Кынев начинает как будто издалека:
– Моя партия (Кынев – член Болгарской социалистической партии. – И. П.) подготовила так называемое видение развитие общества, программа управления, видение на 15–20 лет. Вот вчера вечером я встречался с избирателями, и меня спрашивали то же самое – какая разница? Я говорю: ребята, со времен Стамболова (это первый наш премьер-министр после освобождения Болгарии от турецкого рабства, кстати, занимал антироссийскую позицию) никогда внутренние проблемы Болгарии не решались болгарами. Либо решались в Москве, либо решались в Берлине, либо в Брюсселе. Сейчас вроде бы политический театр гораздо демократичнее – собираемся, обсуждаем. Но сам Европейский союз… вы видите, в нем очень много противоречий. Сейчас, например, так называемая управляющая партия Европы, это ЕНП – Европейская народная партия, мы шутим: они ЕНП-Орбан или ЕНП-Меркель? Раскол уже идет. В этой ситуации Болгария должна балансировать, потому что, с одной стороны, мы получили немалые деньги от Брюсселя. Я знаю, что до 2014, по-моему, года только чистые деньги, которые мы получили от так называемых когезионных фондов Брюсселя (фонды сплоченности. – И. П.), были порядка 10 миллиардов евро, это чистые деньги – на дороги, строительство, на конкурентоспособность – кстати, хорошая программа была. С другой стороны, когда некоторые у нас говорят, что вот Брюссель то, Брюссель это… Но мы-то хотели туда! Не Брюссель нас пригласил, мы рвались. В результате мы вошли в Европу в последний момент. Мы поймали последний поезд, последний вагон, последнее купе. Это 2005 год, я тогда впервые стал депутатом и был даже членом комиссии по созданию правительства. Просто нас предупредили: ребята, если вы не сделаете коалиционное правительство, вы Европу не увидите. И получилось так, что мы тогда сделали правительство из бывших коммунистов, социалистов, и царская партия. (Усмехается.) Социалисты, которые выгнали его из Болгарии, и царисты.
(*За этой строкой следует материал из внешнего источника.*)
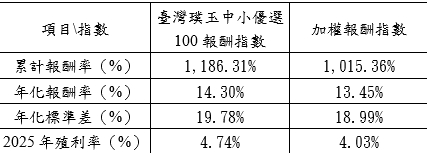 台股新神器誕生！「璞玉中小100指數」鎖定被低估潛力股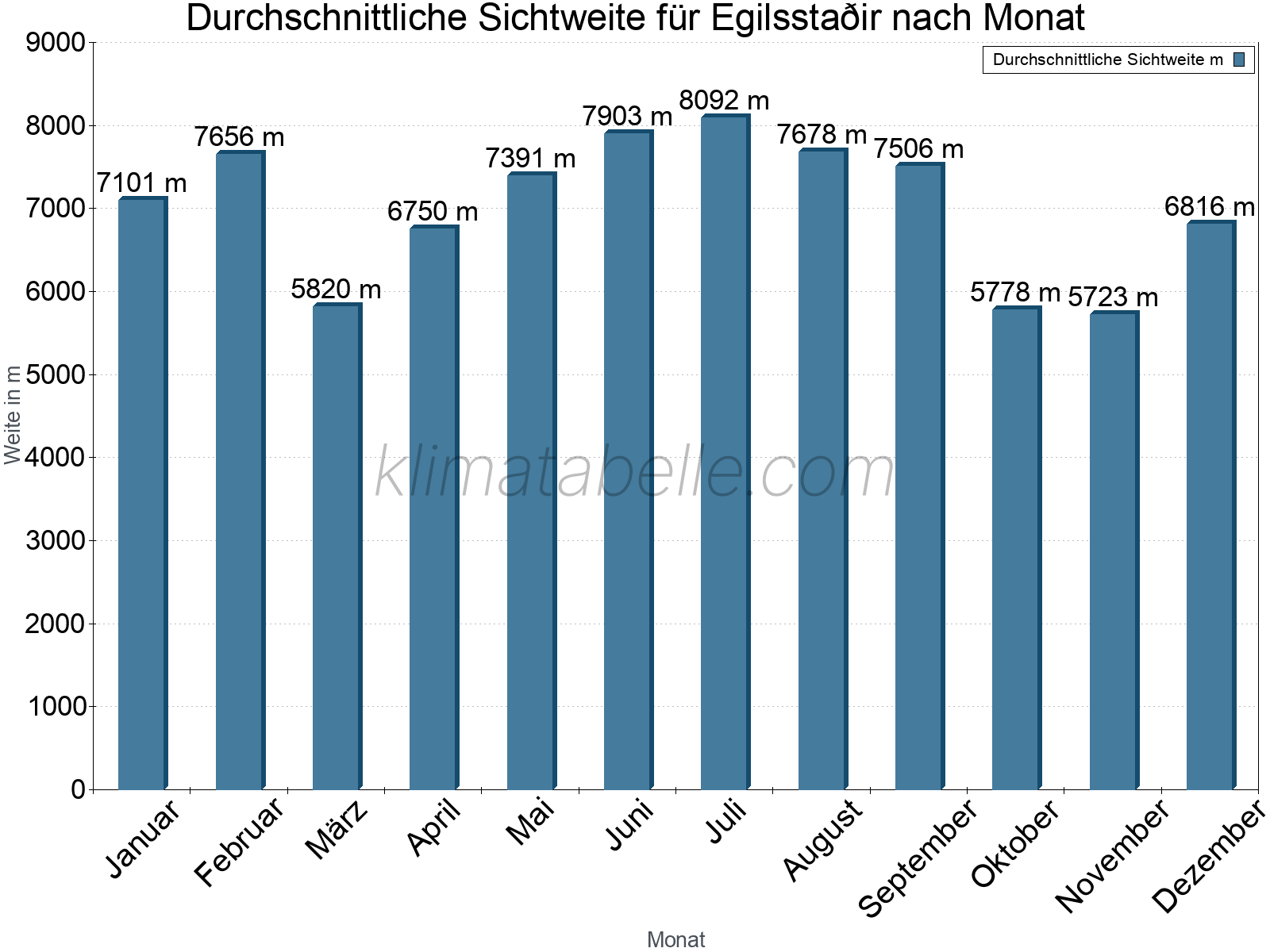 Monatliche Durchschnittssichtweiten im Jahresverlauf. Zu beachten ist, dass die Skalierung der Y-Achse an die Datenwerte angepasst wird. Die Balkenhöhe steht nicht für absolute Prozentsätze wie 0% oder 100%, sondern für relative Mengen im Vergleich zu den minimalen bzw. maximalen Werten anderer Monate. Egilsstaðir.
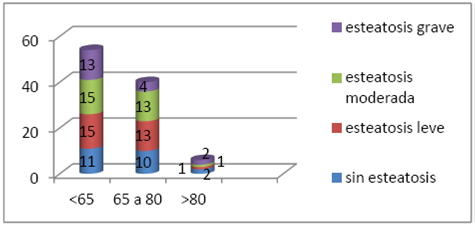 Distribución del grado de esteatosis por edades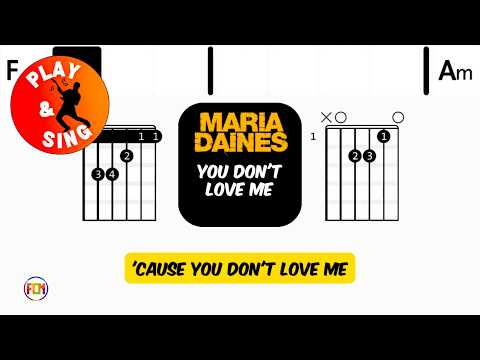 You Don't Love Me - Cate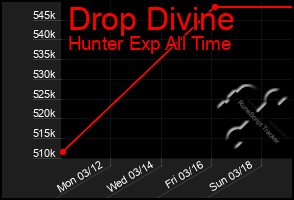 Total Graph of Drop Divine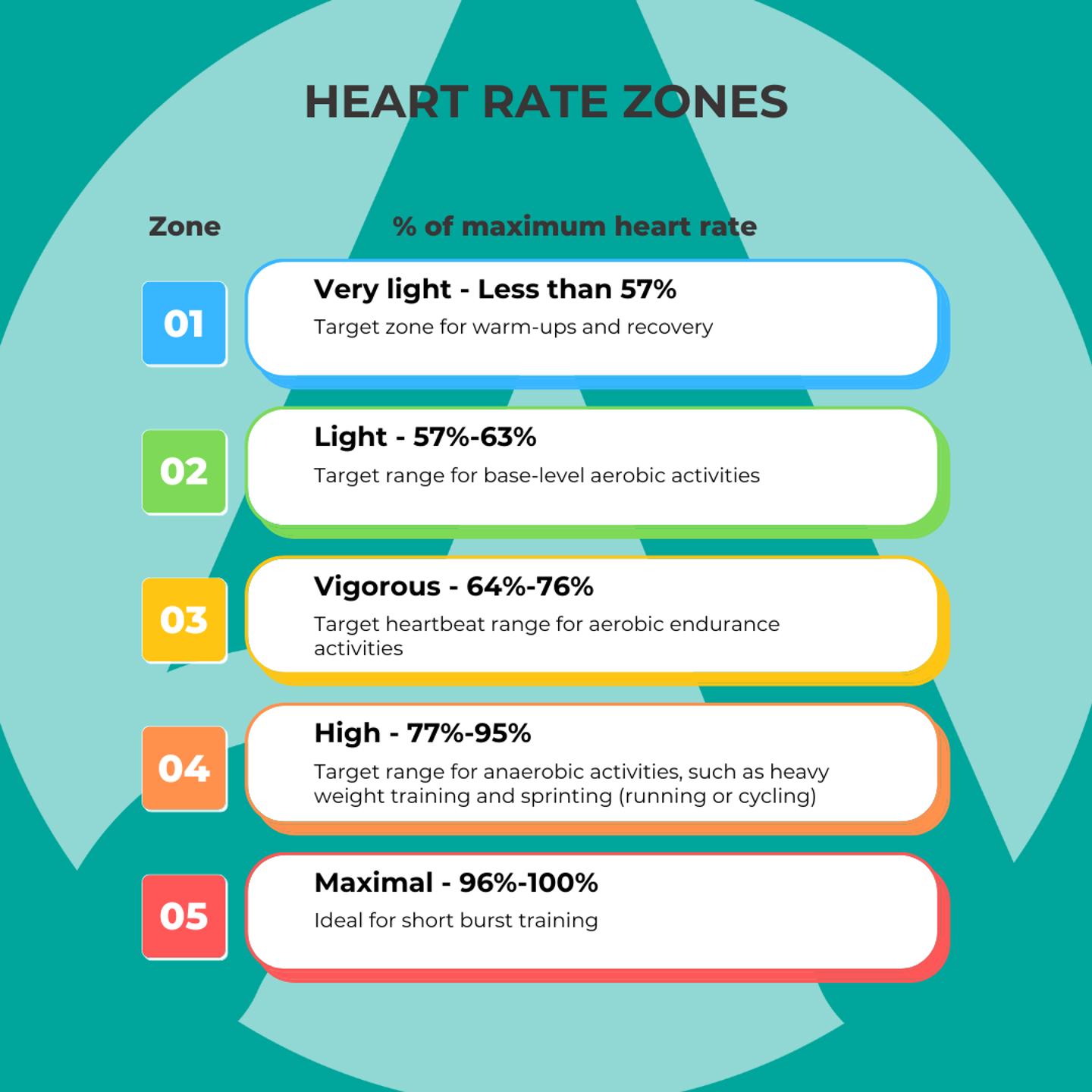 Graphic of heart rate zones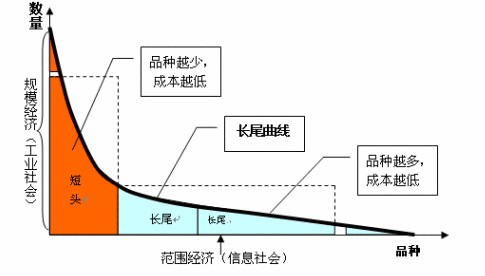 上亿人使用的京东“猜你喜欢”功能是如何设计出来的？(图1)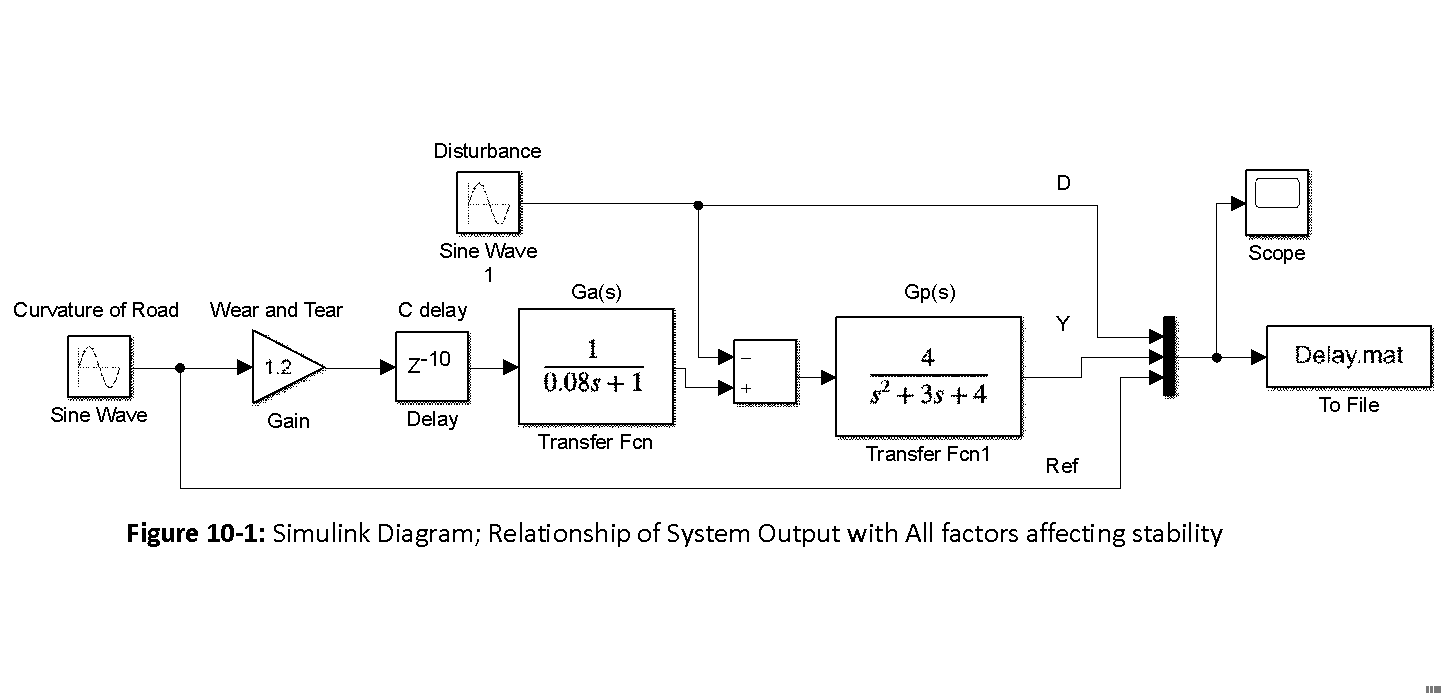 AI Control System for an Autonomous Car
– Как вы уживались с царем?
– Работали прекрасно. Эти четыре года, 2005–2009, – самый сильный период развития экономики Болгарии. Тогда мы достигли роста экономики в 6–7 %. А потом грянул большой кризис, 2009 год, у нас все идет на год позже. И где-то три-четыре года была сложная ситуация.
С самим царем Симеоном мы тоже поговорили о том, чем отличается членство в ЕС от членства в СЭВ.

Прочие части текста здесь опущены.